Il professor Daniel Effron della London Business School ha studiato perché gli elettori continuano a sostenere un candidato anche quando sanno che mente. Usando un campione di quasi 3000 individui di diverse persuasioni politiche Effron ha chiesto di leggere una serie di asserzioni false. Nonostante la falsità, chiarita in partenza ai partecipanti, le asserzioni false di Trump non dispiacquero ai suoi sostenitori. Gli fu poi chiesto di considerare se le asserzioni ovviamente false potrebbero essere vere in circostanze diverse. Questa possibilità di classificare il valore etico delle falsità ha chiarito ai ricercatori che gli elettori cercano candidati che confermino i loro giudizi morali.
Trump e i suoi collaboratori hanno intuito che i loro sostenitori possono essere mantenuti fedeli suggerendo possibilità quando confrontati con ovvie menzogne. Nel caso della falsità di un video su presunti terroristi musulmani pubblicizzato da Trump, per esempio, Sara Huckabee Sanders, portavoce del 45esimo presidente, ha chiarito che poco importa se il video sia vero o no. Ciò che importa è che “la minaccia è vera”. La paura del terrorismo è già ingranata nella mente e basta la ripetizione, vera o fasulla, per la conferma del pregiudizio.
In un altro caso simile, confrontata con un’ovvia falsità, Kellyanne Conway, una consigliera di Trump, ha detto che il 45esimo presidente parlava di “fatti alternativi” quando ha dichiarato falsamente che la folla al suo insediamento era la più grande nella storia americana.

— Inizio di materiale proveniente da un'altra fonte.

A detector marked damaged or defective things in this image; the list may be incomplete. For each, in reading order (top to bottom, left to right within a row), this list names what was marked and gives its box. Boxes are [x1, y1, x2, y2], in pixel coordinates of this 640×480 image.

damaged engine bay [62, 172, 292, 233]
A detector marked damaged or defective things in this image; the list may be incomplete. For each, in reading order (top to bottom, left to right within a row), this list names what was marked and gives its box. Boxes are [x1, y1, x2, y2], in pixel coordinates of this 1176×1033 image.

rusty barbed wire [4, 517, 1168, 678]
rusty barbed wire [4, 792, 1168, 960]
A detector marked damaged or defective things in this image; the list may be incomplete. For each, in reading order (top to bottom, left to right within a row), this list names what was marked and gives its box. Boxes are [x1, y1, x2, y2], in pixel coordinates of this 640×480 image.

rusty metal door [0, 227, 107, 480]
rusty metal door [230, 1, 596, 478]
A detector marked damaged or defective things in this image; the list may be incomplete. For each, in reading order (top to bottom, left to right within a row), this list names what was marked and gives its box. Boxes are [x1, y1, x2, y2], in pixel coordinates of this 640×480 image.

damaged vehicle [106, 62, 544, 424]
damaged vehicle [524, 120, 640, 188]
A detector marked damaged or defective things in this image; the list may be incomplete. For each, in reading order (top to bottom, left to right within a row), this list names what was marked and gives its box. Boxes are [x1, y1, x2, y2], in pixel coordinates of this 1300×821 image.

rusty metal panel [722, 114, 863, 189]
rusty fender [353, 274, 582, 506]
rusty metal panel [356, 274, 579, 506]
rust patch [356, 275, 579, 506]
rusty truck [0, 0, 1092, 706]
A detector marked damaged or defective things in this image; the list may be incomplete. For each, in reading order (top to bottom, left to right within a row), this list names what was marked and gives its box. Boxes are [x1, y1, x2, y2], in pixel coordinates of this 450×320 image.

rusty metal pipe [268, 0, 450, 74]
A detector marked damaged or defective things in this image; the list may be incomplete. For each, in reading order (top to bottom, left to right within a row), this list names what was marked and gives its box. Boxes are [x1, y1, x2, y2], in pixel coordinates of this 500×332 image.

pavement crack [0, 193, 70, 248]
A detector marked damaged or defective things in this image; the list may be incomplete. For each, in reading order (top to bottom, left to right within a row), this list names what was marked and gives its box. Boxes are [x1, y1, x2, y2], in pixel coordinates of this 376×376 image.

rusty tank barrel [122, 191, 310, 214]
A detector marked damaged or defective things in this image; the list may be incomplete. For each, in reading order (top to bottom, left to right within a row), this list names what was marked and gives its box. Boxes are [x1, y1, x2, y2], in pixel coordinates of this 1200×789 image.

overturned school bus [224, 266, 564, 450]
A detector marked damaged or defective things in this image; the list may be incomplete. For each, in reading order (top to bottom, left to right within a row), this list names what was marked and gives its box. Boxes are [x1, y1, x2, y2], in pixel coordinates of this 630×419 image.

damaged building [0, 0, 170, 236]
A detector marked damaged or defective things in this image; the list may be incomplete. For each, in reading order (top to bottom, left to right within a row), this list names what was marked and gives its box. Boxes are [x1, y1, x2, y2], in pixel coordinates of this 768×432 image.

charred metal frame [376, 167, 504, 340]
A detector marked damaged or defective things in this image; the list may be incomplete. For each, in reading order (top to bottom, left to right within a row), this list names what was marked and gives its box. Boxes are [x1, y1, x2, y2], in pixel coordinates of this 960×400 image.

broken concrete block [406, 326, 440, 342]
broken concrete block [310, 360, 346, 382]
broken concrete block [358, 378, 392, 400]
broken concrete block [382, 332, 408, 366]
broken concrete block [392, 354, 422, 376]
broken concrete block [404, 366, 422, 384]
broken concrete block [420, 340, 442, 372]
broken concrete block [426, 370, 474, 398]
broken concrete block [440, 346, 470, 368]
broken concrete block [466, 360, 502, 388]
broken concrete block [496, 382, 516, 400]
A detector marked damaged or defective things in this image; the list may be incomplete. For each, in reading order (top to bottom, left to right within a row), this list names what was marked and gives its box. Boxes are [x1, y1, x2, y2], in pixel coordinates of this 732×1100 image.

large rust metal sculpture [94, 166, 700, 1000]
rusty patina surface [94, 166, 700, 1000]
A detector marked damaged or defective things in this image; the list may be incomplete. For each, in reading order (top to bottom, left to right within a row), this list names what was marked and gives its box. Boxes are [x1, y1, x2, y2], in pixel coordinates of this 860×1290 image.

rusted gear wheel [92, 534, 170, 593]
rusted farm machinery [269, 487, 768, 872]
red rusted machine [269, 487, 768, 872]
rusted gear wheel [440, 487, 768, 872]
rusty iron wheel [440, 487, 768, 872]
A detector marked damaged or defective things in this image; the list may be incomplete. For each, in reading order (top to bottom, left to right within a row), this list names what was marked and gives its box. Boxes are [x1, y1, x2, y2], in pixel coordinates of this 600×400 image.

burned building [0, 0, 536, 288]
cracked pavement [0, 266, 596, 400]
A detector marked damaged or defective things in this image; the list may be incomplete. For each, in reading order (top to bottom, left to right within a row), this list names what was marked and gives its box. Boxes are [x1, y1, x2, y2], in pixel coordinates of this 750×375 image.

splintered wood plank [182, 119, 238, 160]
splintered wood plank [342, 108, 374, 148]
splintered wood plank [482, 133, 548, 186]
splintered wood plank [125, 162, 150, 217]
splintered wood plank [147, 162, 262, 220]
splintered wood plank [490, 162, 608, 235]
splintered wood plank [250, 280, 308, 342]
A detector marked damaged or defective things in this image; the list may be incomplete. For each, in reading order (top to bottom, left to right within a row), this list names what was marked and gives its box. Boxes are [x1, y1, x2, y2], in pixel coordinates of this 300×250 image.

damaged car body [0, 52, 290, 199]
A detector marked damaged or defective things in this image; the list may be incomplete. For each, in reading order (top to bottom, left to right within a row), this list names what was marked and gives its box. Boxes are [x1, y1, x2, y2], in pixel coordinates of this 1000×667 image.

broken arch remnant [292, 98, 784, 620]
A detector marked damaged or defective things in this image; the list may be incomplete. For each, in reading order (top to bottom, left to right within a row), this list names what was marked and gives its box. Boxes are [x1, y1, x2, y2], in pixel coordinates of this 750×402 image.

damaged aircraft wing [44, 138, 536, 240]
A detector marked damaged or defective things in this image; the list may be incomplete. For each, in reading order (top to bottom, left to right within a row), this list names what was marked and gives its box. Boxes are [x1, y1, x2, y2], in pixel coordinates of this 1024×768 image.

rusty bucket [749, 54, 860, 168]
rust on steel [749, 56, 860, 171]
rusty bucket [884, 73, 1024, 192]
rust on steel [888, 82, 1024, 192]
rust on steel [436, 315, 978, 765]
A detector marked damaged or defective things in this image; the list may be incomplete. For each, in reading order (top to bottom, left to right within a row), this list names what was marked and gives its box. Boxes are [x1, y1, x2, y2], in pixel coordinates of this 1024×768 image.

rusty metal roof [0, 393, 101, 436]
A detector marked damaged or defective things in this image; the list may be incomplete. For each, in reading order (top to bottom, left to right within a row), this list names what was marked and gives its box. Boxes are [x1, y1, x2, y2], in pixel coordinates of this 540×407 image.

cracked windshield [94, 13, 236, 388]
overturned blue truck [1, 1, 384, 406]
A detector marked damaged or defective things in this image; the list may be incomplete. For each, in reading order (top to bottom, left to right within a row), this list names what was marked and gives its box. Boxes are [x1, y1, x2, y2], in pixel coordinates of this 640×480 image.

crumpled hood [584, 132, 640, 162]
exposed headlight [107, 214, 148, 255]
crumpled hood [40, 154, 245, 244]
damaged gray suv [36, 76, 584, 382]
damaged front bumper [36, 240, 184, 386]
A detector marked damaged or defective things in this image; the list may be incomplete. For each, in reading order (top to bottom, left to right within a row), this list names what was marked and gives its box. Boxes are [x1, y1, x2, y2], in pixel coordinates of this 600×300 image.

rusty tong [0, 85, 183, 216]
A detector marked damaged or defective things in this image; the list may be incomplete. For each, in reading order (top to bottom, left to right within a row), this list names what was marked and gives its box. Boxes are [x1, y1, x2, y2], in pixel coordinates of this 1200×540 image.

Questa tecnica di insabbiare le acque ingarbugliando verità e falsità è stata utile a Trump a farsi eleggere e mantenersi in potere. Sfortunatamente questo approccio si scontra a volte con una realtà difficile da manipolare. Trump aveva detto di non avere avuto rapporti con Stormy Daniels ma adesso si sa che aveva mentito.
I suoi sostenitori continueranno a supportarlo ma i media conservatori hanno cominciato a dimostrare di avere perso la pazienza. Il Wall Street Journal, grande sostenitore di Trump, commentando il caso di Stormy Daniels, ha detto che le asserzioni del presidente erano false. La critica più aspra però è venuta a galla dalla Fox News, rete televisiva molto amica di Trump. Il conduttore Neil Cavuto, sostenitore di Trump, in una recente trasmissione, ha rilevato una lista di asserzioni dubbie dell’attuale inquilino alla Casa Bianca. Cavuto ha accusato Trump di “essere troppo occupato ad asciugare il pantano che non ha il tempo per sentire la puzza che lui stesso sta creando” e che “il pantano è di proprietà” di Trump. Cavuto ha concluso dicendo che lui non è lì per “fornire lezioni, solo i fatti” continuando che “le parole sono importanti”.
Le parole del presidente sono importanti non solo per gli americani ma anche per i leader dei Paesi del resto del globo. Trump ha già annunciato di lasciare l’accordo sul nucleare raggiunto con l’Iran, dando un chiaro segnale che non solo le parole ma anche i trattati firmati dall’America possono essere stracciati. Kim Jong-un, il leader della Corea del Nord, ha dato indicazioni che sarebbe disposto alla denuclearizzazione del suo Paese richiedendo però una promessa di Trump che non invaderebbe il suo Paese. La parola di Trump? Anche se lo promette, lo potranno credere?